Chicago's quarterback wasn't the only one who noticed the lack of diversity on the defensive side. Carolina safety Charles Godfrey said the Panthers kept the the same coverage the entire way down the field.

"They threw the same pass play all the way down the field,” Godfrey said per Joe Person of the Charlotte Observer. “It wasn’t nothing they were doing. It was what we were in, the coverage we were in. That was a great play for that coverage, and they just ran that play all the way down the field.

"The coverage we were in, we stayed in that coverage. That’s what happened."

Panthers cornerback Captain Munneryln also took issue with the defense revolving around a single bland coverage against the Bears.

"They did the same play at the end -- I think four or five times in a row -- and they got the win,” Munnerlyn said. "I just play the defense they call, but you gotta switch it up. I felt like Jay Cutler, he knew what we were in. So he knew the weakness of the defense, and they attacked it."

I went back and looked at the Bears' final drive, and all three of the comments above are accurate. The Bears ran eight plays on the drive, not including Robbie Gould's 41-yard kick. One (the last before the kick) was a run to Matt Forte to set up the Bears in position for the kick. Another was a pass over the middle to Forte.

The other six plays, all of which came consecutively, were identical -- Cutler took a snap out of the shotgun and threw the ball to either Brandon Marshall or Earl Bennett on a short-to-medium dig route.

On the series of plays, Cutler went 5-for-6 for 48 yards and did so in just about 90 seconds; Marshall was deemed down with 35 seconds left on the clock, and the first pass occurred with 2:02 on the clock.

The Panthers ended the game with one timeout, meaning they actually had an opportunity to recognize their coverage was getting methodically shredded and change things up. They didn't, and there should be some questions coming for the coaching staff. The players obviously have to execute on the play -- and they'll tell you as much -- but for a defensive-minded coach like Ron Rivera to allow the Bears that much movement down the field is just inexcusable.

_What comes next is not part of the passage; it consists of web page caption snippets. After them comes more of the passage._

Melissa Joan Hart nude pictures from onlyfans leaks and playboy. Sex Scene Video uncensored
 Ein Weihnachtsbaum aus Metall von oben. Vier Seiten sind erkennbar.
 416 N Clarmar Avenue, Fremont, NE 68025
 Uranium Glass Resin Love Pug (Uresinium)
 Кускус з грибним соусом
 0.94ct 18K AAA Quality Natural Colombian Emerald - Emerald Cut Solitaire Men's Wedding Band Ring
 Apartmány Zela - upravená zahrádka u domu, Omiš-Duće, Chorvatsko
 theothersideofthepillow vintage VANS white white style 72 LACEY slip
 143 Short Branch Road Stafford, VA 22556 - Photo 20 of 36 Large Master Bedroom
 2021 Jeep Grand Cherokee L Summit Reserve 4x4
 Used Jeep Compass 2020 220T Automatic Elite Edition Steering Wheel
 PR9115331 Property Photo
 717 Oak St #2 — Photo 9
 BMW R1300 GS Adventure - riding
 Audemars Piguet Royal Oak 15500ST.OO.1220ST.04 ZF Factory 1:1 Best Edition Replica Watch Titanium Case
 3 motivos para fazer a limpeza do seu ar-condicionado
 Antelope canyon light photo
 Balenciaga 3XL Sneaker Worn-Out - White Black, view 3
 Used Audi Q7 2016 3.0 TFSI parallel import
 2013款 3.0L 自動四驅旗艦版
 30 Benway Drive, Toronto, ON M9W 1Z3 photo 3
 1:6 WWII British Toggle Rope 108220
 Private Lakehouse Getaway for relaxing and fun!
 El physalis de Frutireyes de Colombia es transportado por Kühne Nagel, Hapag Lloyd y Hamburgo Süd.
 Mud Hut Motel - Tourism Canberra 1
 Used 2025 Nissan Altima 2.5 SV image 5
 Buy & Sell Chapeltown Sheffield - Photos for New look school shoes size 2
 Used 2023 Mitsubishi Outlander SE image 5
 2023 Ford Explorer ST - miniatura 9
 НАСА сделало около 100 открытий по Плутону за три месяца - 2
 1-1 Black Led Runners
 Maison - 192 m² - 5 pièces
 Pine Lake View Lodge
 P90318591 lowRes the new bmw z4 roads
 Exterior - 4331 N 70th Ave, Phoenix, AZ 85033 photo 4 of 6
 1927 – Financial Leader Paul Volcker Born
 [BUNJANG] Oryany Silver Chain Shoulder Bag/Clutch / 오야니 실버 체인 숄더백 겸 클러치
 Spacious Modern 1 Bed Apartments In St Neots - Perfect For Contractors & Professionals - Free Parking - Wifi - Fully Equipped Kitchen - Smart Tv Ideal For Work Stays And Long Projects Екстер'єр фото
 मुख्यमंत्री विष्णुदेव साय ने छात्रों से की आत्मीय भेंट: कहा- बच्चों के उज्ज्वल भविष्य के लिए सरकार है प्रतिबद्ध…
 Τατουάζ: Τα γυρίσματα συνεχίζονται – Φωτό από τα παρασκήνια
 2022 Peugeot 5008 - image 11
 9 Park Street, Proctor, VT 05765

Defensive coordinator Sean McDermott probably isn't feeling too comfortable today, either, even if the Panthers have shown defensive improvement thus far in 2012.

It's much easier to make coaching decisions away from the sidelines, particularly with the added benefit of hindsight. But throwing bland zone coverage at a team while they run the exact same play on repeat and pick up large chunks of yardage is not the sort of thing that helps people keep their jobs, especially at 1-6.